N°1. Mount Fuji, Japan
A place to visit at least once in a lifetime! Mount Fuji is with 3776 meters Japan’s highest mountain.
It is not surprising that the nearly perfectly shaped volcano has been worshiped as a sacred mountain and experienced big popularity among artists and common people throughout the centuries.
Although Mount Fuji is an active stratovolcano, it hasn’t erupted since 1708.
The stunning snowcapped mountain is one of Japan’s “Three Holy Mountains,” which are traditionally considered to hold a particular power—Mount Fuji has volcanic power.
N°2. Phuket, Thailand
Phuket is one of Thailand‘s premier tourist destinations!
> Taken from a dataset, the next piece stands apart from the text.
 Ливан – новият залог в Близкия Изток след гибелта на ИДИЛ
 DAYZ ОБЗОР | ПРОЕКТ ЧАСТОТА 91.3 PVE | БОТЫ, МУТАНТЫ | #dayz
Thailand’s biggest island is also a magnet for visitors—and for good reason.
Phuket boasts some of the best beaches in the country, with clean, soft, rolling sands and turquoise waters as far as the eye can see.
N°3. Beijing, China
The beauty and power of China enclosed in a city!
One of the most populous cities in the world, Beijing is also one of the oldest.
You can get a peek into that history by walking the hutongs of Beijing, the narrow alleyways lined up with traditional homes and courtyards.
N°4. Hoi An, Vietnam
The charm of Vietnam!
The ancient city of Hoi An is home to one of Asia’s oldest trading ports and a UNESCO World Heritage Site.
A major commercial stop for trading ships as far back as the 15th century, Hoi An still maintains much of its original architecture in the form of timber frame buildings, colorful French-colonial shutters, and Chinese tiled roofs.
N°5. Dead Sea, Israel
We love Israel!
The dark blue waters of the Dead Sea touch the borders of both Jordan and Israel.
Actually a lake despite its name, the Dead Sea sits at the lowest land elevation on Earth—over 430 meters below sea level.
With a salt concentration of around 31 percent—almost 10 times saltier than the ocean —the Dead Sea is so thick, nothing can sink into it, and everyone who walks into it will naturally float.